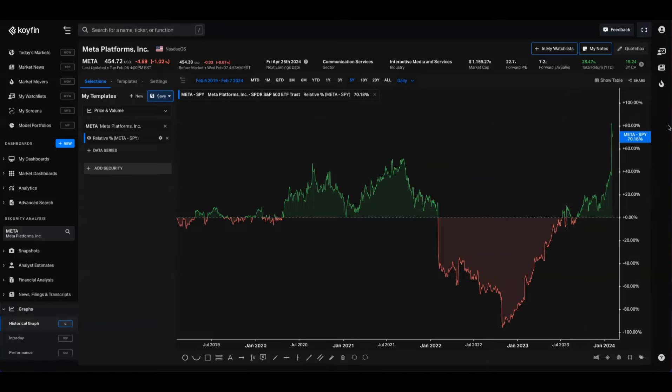So that just about does it. I think relative charts are super powerful and one of the more underutilized chart formats in Coifin. I hope you've learned something today. As always, feel free to reach out to us at Koifin Charts over on Twitter, drop a comment in the comment section below, or you can email our help desk at help@koifin.com. Thank you.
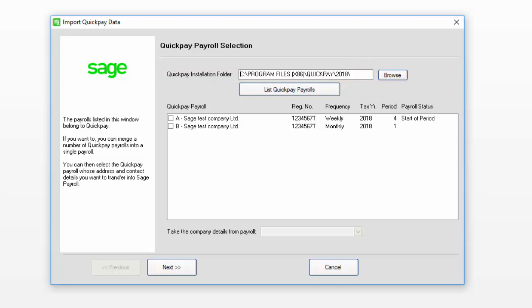If you want to, you can merge multiple Quick Pay Payrolls together. However, they must have the same tax registration number, pay frequency, and be in the same pay period. In this example, I'm going to be migrating a single Quick Pay Payroll.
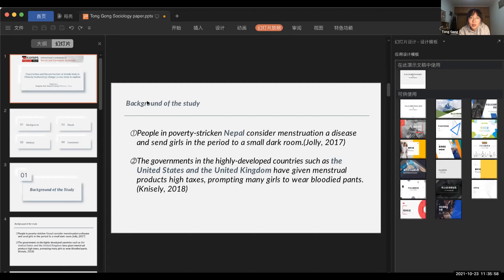The third part is my results. The first result is largely about the construction part. Sanitary napkins function as a technological product for the liberation of the female body. Women's products changed from menstrual cloth to the present sanitary napkins and tampons. The consequence is very evident: it solves many women's health problems, is more convenient, and costs a lower price so all women can access them.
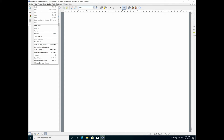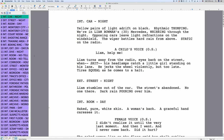Since on the Mac, MovieMagic Screenwriter uses the built-in dictation feature, it really doesn't have anything to do with the application itself. It's just that you can access the Mac OS dictation via the edit menu — that's all.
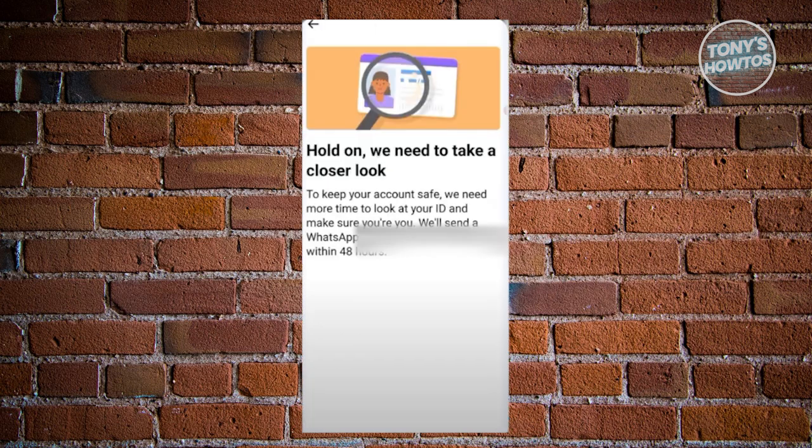From here, it's going to say they need to take a closer look at the information that you've submitted. It's the waiting game from here on — you just need to wait for 48 hours, and they will send you a link either to your email or to your WhatsApp number. If you do receive a notification, email, or message from Facebook, go ahead and access that.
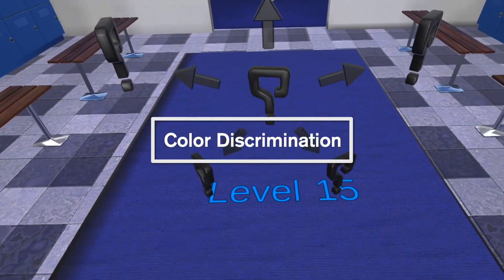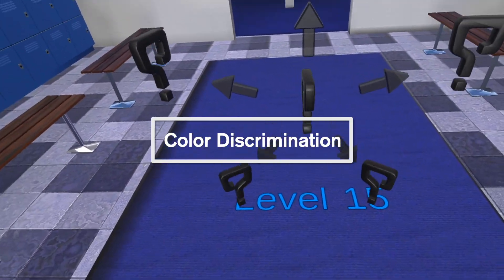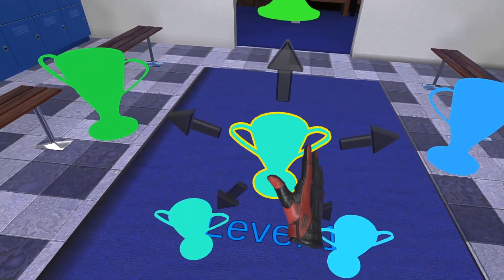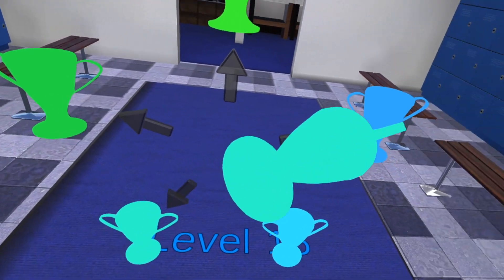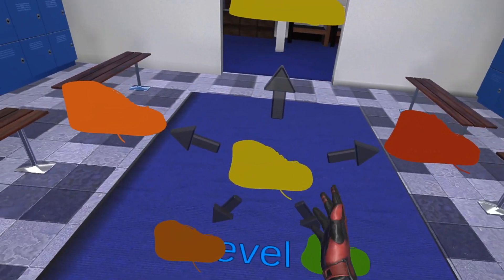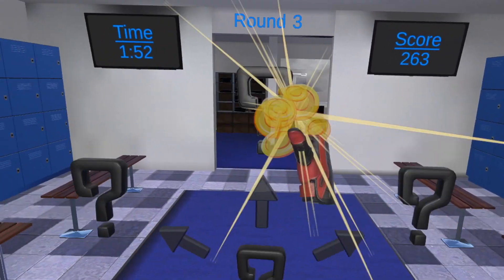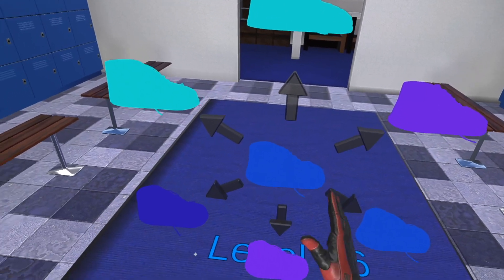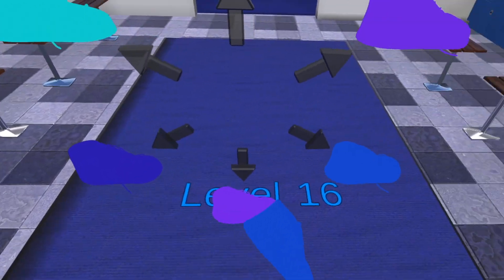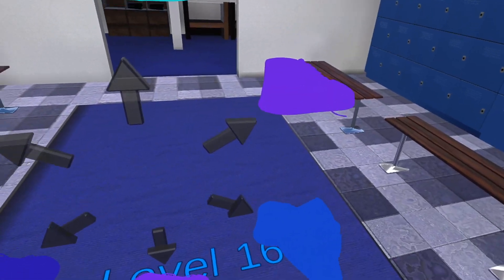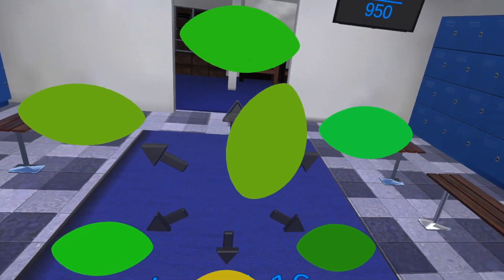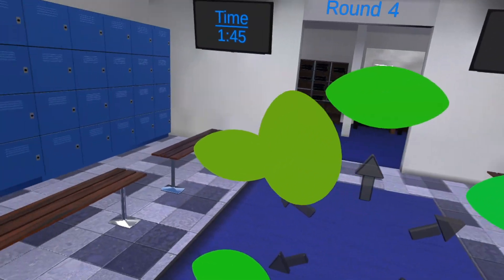Next we have Color Discrimination. This is a color matching game. The objective is to grab the object in the center with the trigger and match it with the object in the periphery. The Easy, Medium and Hard settings adjust the number of targets you have to match.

# EXERCISE
Print again, word for word, every line from the line with "The third part" to the final line of the records, inclusive; skip the pictures.

# RESULT OF THE TASK
The third part is my results. The first result is largely about the construction part. Sanitary napkins function as a technological product for the liberation of the female body. Women's products changed from menstrual cloth to the present sanitary napkins and tampons. The consequence is very evident: it solves many women's health problems, is more convenient, and costs a lower price so all women can access them.
Since on the Mac, MovieMagic Screenwriter uses the built-in dictation feature, it really doesn't have anything to do with the application itself. It's just that you can access the Mac OS dictation via the edit menu — that's all.
From here, it's going to say they need to take a closer look at the information that you've submitted. It's the waiting game from here on — you just need to wait for 48 hours, and they will send you a link either to your email or to your WhatsApp number. If you do receive a notification, email, or message from Facebook, go ahead and access that.
Next we have Color Discrimination. This is a color matching game. The objective is to grab the object in the center with the trigger and match it with the object in the periphery. The Easy, Medium and Hard settings adjust the number of targets you have to match.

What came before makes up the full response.